» **Task to complete**
Using the data below, copy every line that contains the word "online".

─── Exercise input ───

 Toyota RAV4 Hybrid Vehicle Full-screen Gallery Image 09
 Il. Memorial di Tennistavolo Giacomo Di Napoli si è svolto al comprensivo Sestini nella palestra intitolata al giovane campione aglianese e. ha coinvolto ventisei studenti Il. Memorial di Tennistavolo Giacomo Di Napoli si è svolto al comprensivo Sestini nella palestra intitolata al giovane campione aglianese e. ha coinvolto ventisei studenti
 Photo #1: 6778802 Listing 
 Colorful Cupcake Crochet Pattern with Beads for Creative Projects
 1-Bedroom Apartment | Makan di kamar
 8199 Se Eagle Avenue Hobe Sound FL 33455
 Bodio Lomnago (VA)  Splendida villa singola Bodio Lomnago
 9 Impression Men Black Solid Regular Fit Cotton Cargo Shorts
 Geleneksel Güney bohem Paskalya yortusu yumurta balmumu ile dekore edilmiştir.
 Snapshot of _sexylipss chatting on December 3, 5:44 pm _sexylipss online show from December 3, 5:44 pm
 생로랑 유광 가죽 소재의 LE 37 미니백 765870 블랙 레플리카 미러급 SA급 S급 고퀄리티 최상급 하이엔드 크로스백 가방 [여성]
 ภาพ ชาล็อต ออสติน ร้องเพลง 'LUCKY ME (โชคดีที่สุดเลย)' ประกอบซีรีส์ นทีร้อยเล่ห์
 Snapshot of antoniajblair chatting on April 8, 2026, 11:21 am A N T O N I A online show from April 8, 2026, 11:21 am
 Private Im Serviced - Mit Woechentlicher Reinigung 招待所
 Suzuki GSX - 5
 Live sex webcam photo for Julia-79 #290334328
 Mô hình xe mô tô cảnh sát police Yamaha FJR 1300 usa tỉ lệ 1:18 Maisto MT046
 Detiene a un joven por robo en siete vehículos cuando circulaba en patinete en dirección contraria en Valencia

───

» **Solution to this exercise**
 Snapshot of _sexylipss chatting on December 3, 5:44 pm _sexylipss online show from December 3, 5:44 pm
 Snapshot of antoniajblair chatting on April 8, 2026, 11:21 am A N T O N I A online show from April 8, 2026, 11:21 am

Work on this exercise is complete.